HIDDEN away in a quiet residential street, not far from the chaotic Fulham Palace Road, stands a cosy little pub. As we drive past the back of Charing Cross Hospital, down side streets, there is no sign of anything but houses, but soon enough we see a small pub appear.

We step out into the cold night outside the newly refurbished Pear Tree and the first things I notice are the big windows, which have been hand-painted with a detailed pear tree mural - a creative touch.

A nice burst of warmth greets us as we walk in and are welcomed by new owners Darren and Lulu, who have added their own touch to the venue while retaining many of the features from its original construction.

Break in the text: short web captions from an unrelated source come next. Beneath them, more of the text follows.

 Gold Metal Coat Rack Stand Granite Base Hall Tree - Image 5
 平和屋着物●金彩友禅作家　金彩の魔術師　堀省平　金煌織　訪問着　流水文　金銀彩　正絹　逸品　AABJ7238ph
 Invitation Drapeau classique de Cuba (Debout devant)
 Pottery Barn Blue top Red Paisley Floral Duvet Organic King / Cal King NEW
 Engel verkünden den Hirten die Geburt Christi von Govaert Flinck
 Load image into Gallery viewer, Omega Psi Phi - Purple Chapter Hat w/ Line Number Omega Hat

The Pear Tree dates back to the 1800s, and is allegedly the second oldest building in Fulham.

It's a Sunday and the pub is fairly busy, but we quickly find ourselves a table and are brought our drinks. As hunger kicks in, I can't wait to feast my eyes on the menu, but am taken aback when I can't find it.

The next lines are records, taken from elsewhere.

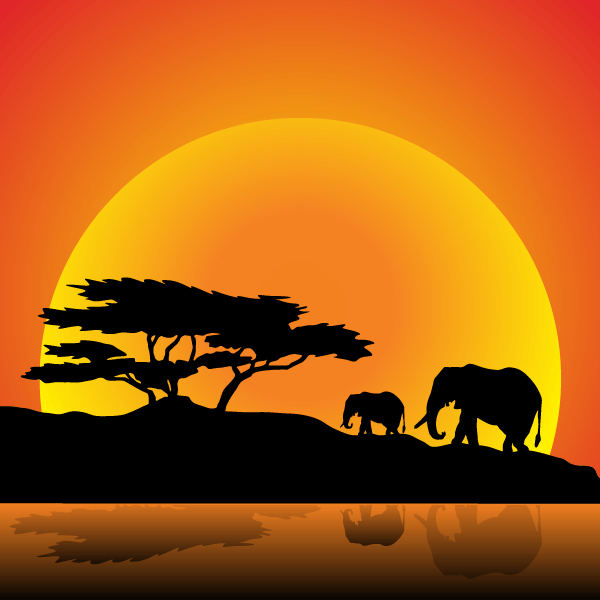 Vector Elephants Family on Nature Walk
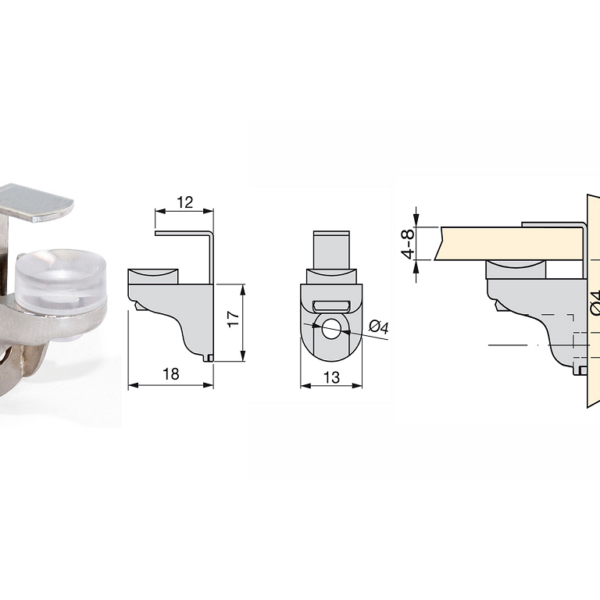 Reggiripiano Zama con Staffetta+Ventosa per Spessore mm.0-10h Nichelato
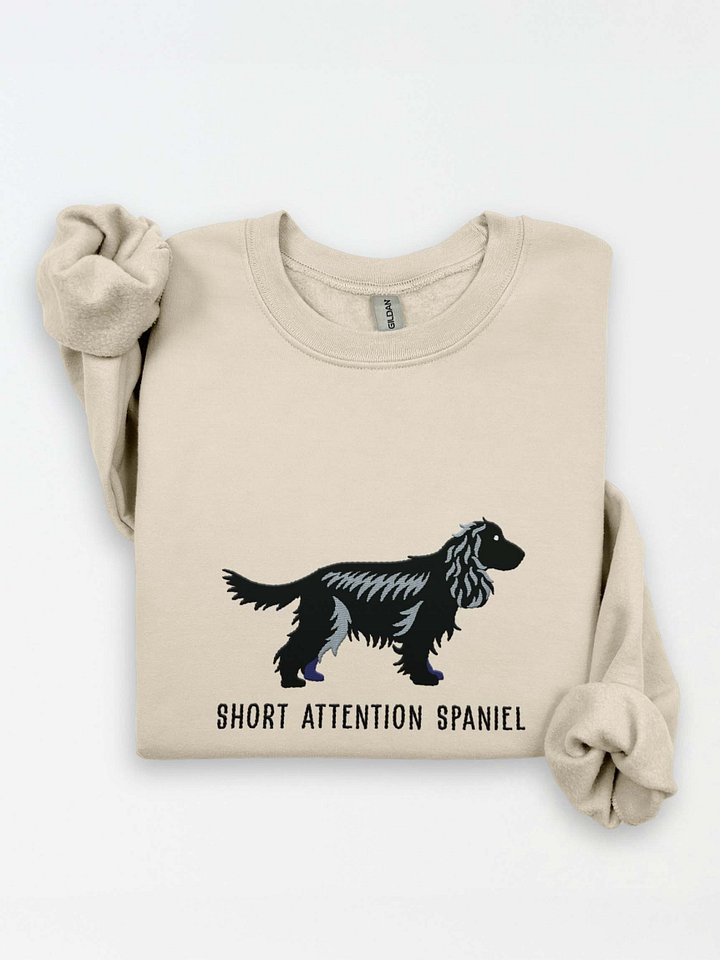 Short Attention Spaniel Sweatshirt (Embroidered) of an English Cocker Spaniel(Black, Full Tail) product image (1)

I soon discover, with the help of one of the owners, that it is written on a blackboard hanging on a wall. This is because the constantly changing menu depends on ingredients sourced from a local market, which allows a seasonal selection of dishes to be provided and a reason for customers to keep coming back.

However, there wasn't much choice for us as vegetarians and, as usual, I found more options from the starters than the main courses.

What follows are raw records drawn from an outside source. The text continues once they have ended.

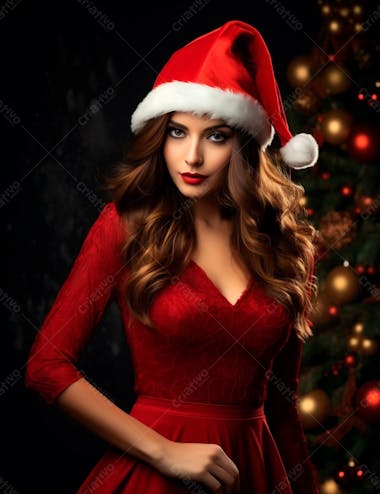 Mulher bonita e elegante em um fundo de natal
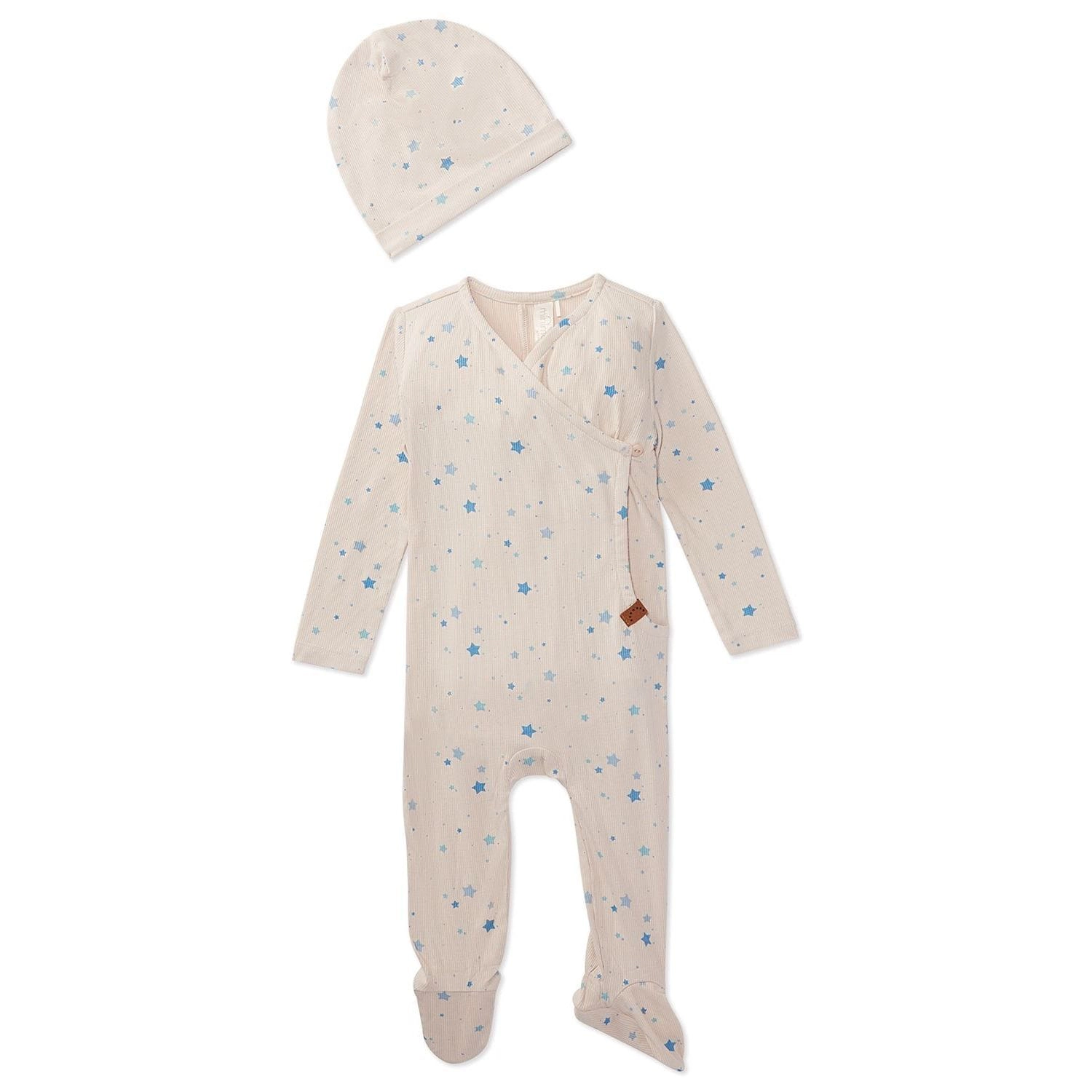 MeMoi 2 Piece Set Baby Ribbed Rayon-Blend Star-Pattern Footie and Beanie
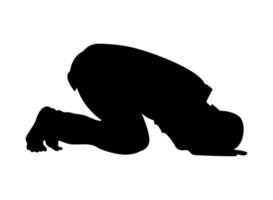 Muslim Bowing Praying Man Silhouette Illustration. vector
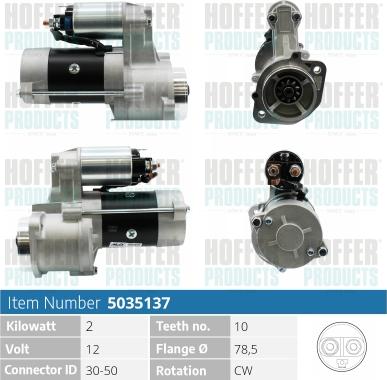 Hoffer H5035137 - Démarreur cwaw.fr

As we waited and chatted, I couldn't help but notice that the pub oozes comfort, from the booth-style benches to the soft padded chairs. They are set up around a horseshoe bar, with low candle lighting, and a mixture of couples, groups of friends and families enjoying themselves.

First we shared the mushroom bruschetta (three pieces), which comes on a bed of rocket, lightly drizzled with olive oil, poached pears and toasted walnuts, although if I had known there were walnuts, I would have asked for it without.

But, being a mushroom lover, I have to say the Portobello mushrooms were flawless - juicy and cooked properly and, while the pears were a strange but nice touch, it was an appetising dish.

This was followed by leek and potato soup, with a perfect concoction of spices, making it ideal for the wintry evening, and reasonably priced at £3.50.

The secret behind this exquisite food is chef Gerard Cassin, who has worked at a Michelin-star restaurant. He has created a menu that concentrates on the best of British seasonal food at affordable prices.

Moving on to the main course, with only one vegetarian option, we weren't spoiled for choice, so wild mushroom risotto it was, priced at £7.95.

The dish was tasty, creamy and cooked just right, which can sometimes be a problem with risotto, but not this one, and there was the added pleasure of a mushroom in every mouthful. The portion looked quite small, but I was eating my words by the end of the meal!

With other main courses starting at £7.50, there were meaty options on the board, including an Aberdeen Angus burger with chips and a glass of house wine or beer for under £8, and even a Sunday roast.

The evening was topped off with an orange panna cotta dessert, which was light and served with sliced oranges on the side.

The best way to sum up this traditional local pub, a little off the beaten track, is as a home from home.